TASK TO CARRY OUT ▸ In the entries that follow, the lines from the line containing "Bedroom - 4308" up to and including the line containing "Francouzský jezdec Julian" must be copied exactly, with pictures omitted.

DATA SHOWN ▸
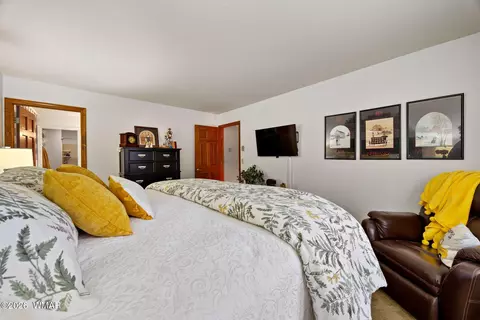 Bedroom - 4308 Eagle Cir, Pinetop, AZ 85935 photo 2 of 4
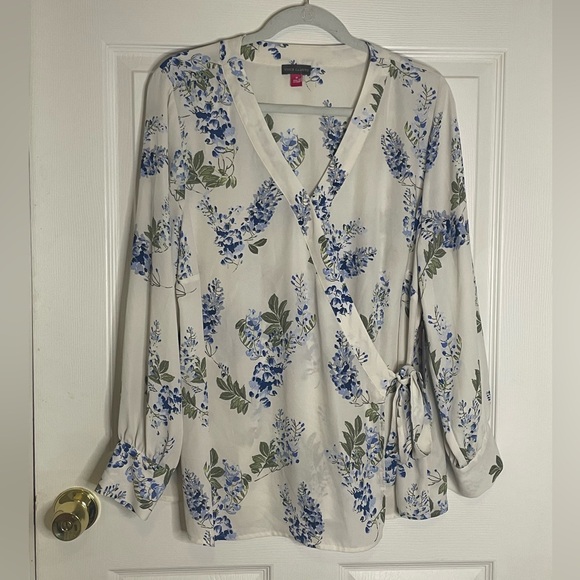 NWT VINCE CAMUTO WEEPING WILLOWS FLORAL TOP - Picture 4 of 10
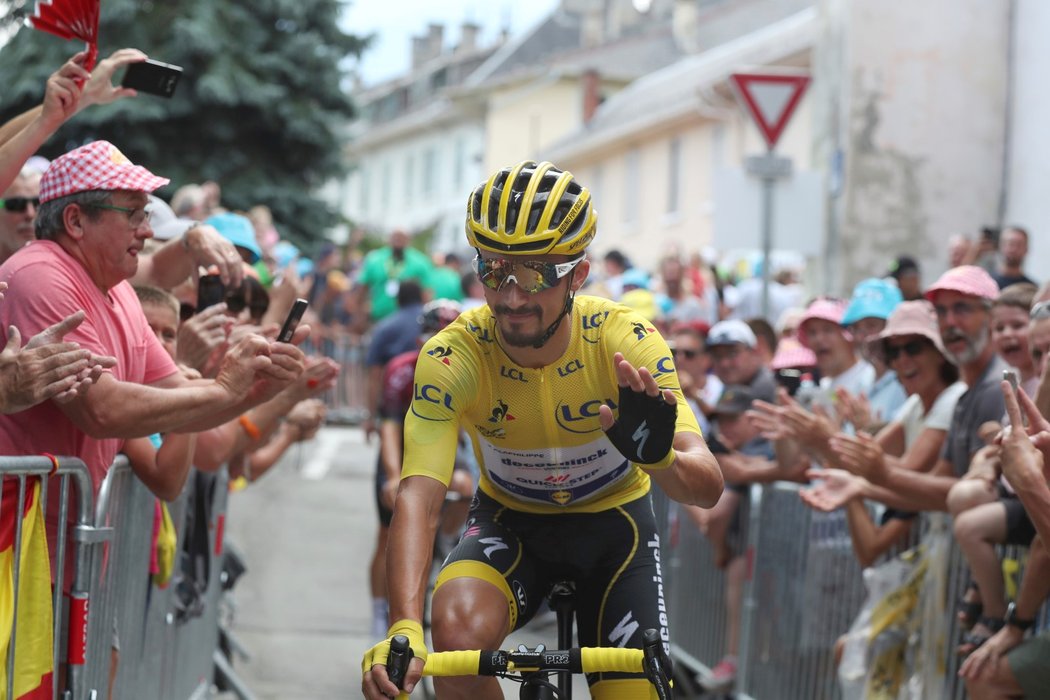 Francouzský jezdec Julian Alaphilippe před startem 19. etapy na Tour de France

* * *

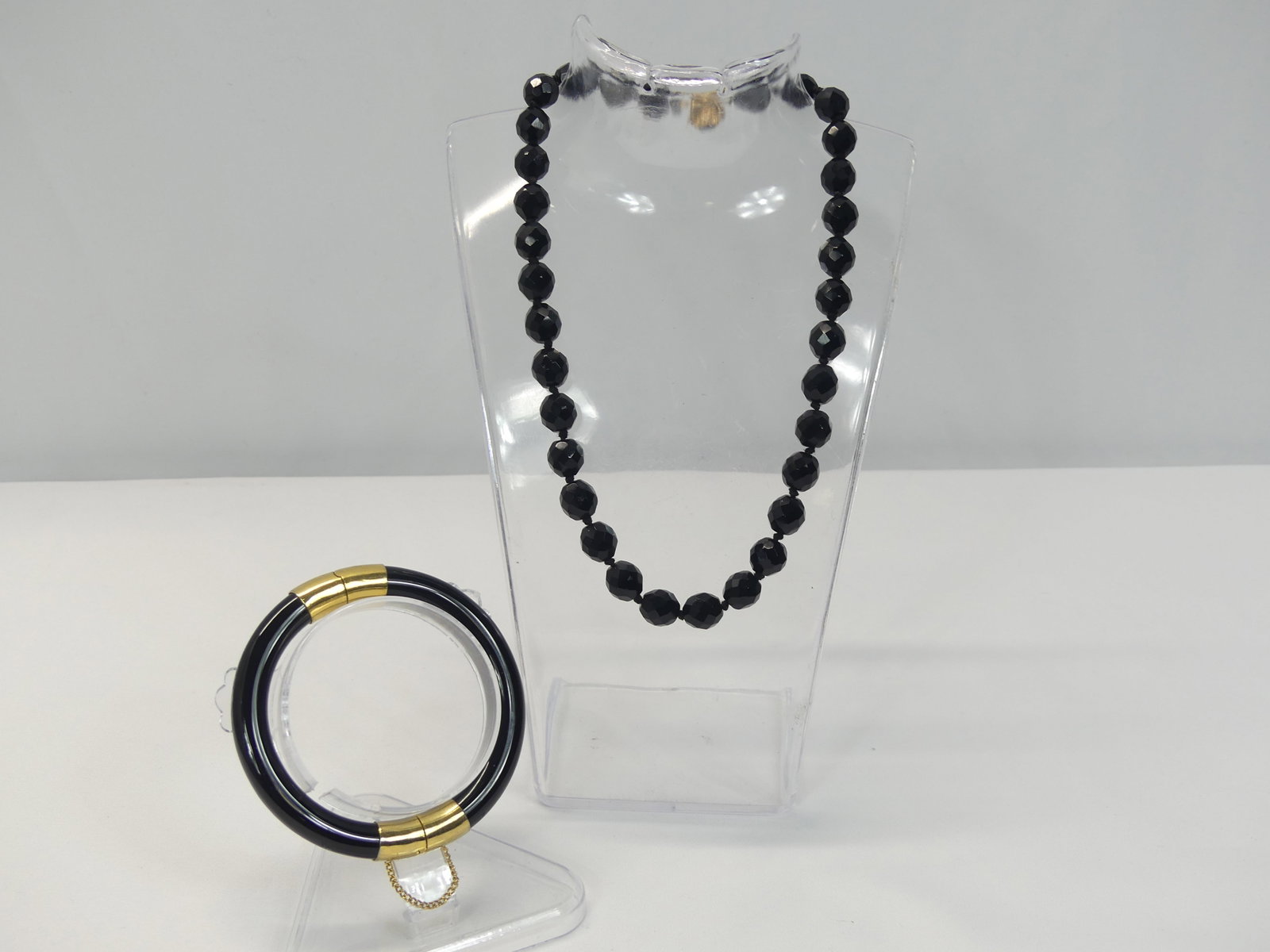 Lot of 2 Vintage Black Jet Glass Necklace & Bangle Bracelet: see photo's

...

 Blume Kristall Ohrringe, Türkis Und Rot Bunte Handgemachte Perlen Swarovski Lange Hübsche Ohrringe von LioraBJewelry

PROBLEM SOLUTION ▸
 Bedroom - 4308 Eagle Cir, Pinetop, AZ 85935 photo 2 of 4
 NWT VINCE CAMUTO WEEPING WILLOWS FLORAL TOP - Picture 4 of 10
 Francouzský jezdec Julian Alaphilippe před startem 19. etapy na Tour de France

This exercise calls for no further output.